[Web page caption snippets]
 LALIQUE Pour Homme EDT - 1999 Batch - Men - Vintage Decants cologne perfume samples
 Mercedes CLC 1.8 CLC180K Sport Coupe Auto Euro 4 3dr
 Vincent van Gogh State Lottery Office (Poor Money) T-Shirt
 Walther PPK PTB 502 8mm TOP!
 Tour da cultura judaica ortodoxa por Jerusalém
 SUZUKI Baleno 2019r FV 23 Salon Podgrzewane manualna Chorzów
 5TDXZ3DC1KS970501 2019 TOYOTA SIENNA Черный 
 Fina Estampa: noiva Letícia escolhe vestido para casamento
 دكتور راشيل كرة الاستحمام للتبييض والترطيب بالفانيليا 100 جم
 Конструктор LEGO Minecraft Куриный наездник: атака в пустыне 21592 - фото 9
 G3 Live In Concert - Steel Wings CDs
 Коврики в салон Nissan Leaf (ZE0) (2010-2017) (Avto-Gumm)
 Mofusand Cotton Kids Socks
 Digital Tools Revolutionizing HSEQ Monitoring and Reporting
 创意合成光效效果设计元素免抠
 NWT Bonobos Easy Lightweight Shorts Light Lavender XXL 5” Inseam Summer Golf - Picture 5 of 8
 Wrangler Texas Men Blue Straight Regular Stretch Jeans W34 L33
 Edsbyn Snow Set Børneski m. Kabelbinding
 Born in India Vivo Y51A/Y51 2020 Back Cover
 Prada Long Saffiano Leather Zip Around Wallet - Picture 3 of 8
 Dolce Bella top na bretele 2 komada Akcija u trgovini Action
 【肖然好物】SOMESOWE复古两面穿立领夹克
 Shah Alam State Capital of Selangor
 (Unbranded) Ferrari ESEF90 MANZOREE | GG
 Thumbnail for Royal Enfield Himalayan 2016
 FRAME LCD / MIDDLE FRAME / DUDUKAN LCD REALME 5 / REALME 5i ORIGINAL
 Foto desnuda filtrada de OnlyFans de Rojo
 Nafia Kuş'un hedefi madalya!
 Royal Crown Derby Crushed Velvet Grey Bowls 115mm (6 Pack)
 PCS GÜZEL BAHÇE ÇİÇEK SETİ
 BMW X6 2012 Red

#### [What the task asks]
Copy every line from the entries that contains the word "Picture".

#### [Worked solution]
 NWT Bonobos Easy Lightweight Shorts Light Lavender XXL 5” Inseam Summer Golf - Picture 5 of 8
 Prada Long Saffiano Leather Zip Around Wallet - Picture 3 of 8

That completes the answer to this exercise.